Large Association of Movie Blogs
Large Association of Movie Blogs

Saturday, November 08, 2008

Vitaphone Technicolor Musical Shorts

I'm pleased, the election having at long last passed, to return to more benign posts about arcane pop culture minutia.

Movies in gorgeous 3-strip Technicolor started to make the rounds in 1932-1935. Walt Disney, ever on the cutting edge, got there first with his Silly Symphonies, the series that sparked tremendous growth in the sophistication, technique and artistry of animated cartoons while bringing the wondrous "anything goes" surrealism in Pre-Code animation to a screeching halt. A couple of years later, Vitaphone started a series of 2-reel musical comedy shorts. Three (that I know of) are Service With A Smile and Good Morning Eve starring Leon Errol, and one that sounds fascinating, What No Men, co-starring songstress Wini Shaw with the delightfully bizarre Swedish dialect comic El Brendel.

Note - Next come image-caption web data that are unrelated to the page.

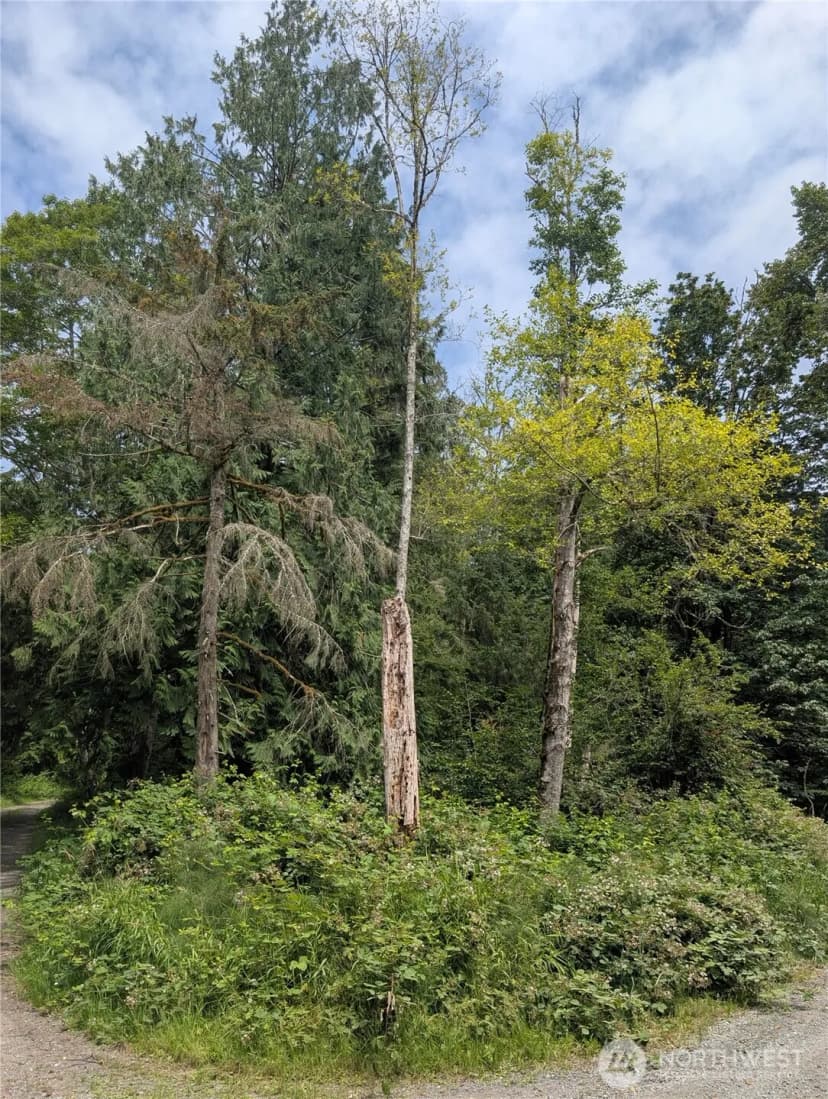 Property photo for 25314 Ebey Mountain Road, Arlington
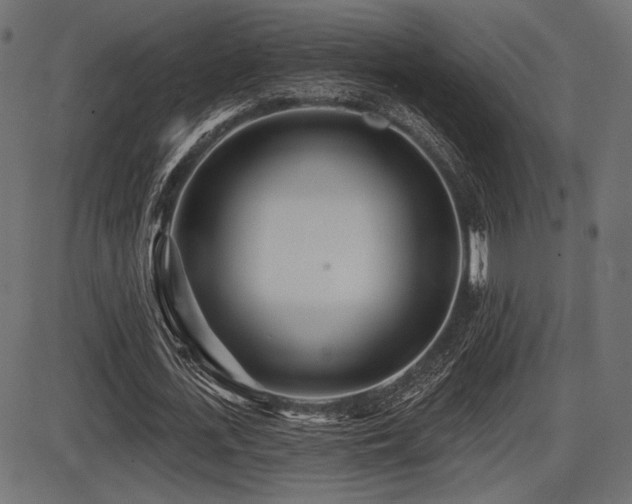 X0000087630723200705031444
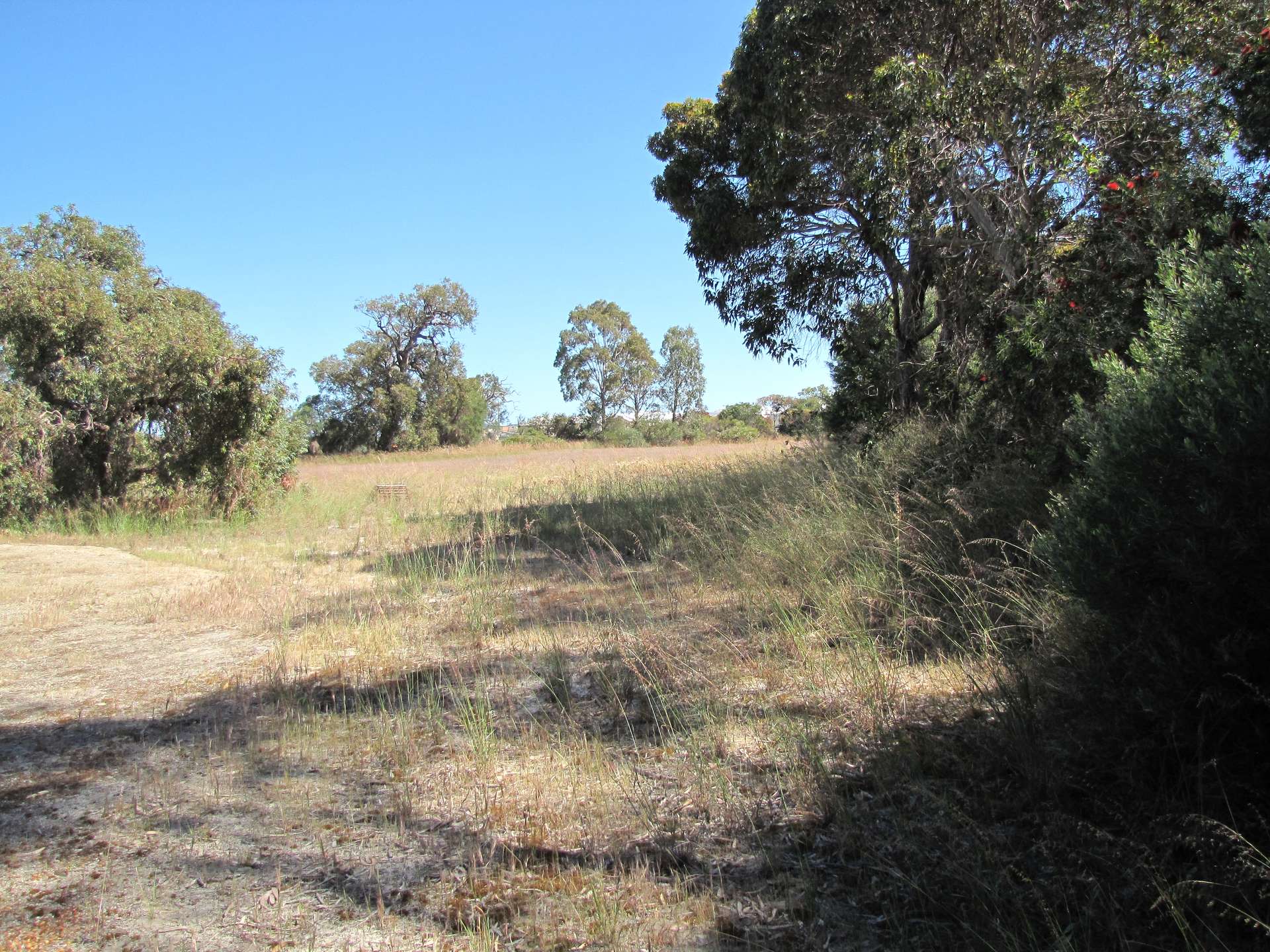 32 Griffiths Road, Wanneroo For Sale by Farmbuy.com - image 6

Enjoy these two excerpts, courtesy of the indispensible Turner Classic Movies, from Service With A Smile. And yes indeed, this features the same Leon Errol from the Ziegfeld Follies, the RKO "Mexican Spitfire" features and literally dozens of two-reelers, including the legendary 1938 short, The Jitters.




While these production numbers aren't on the scale, level or inspiration of Busby Berkeley's grand hallucinations, they're great fun just the same.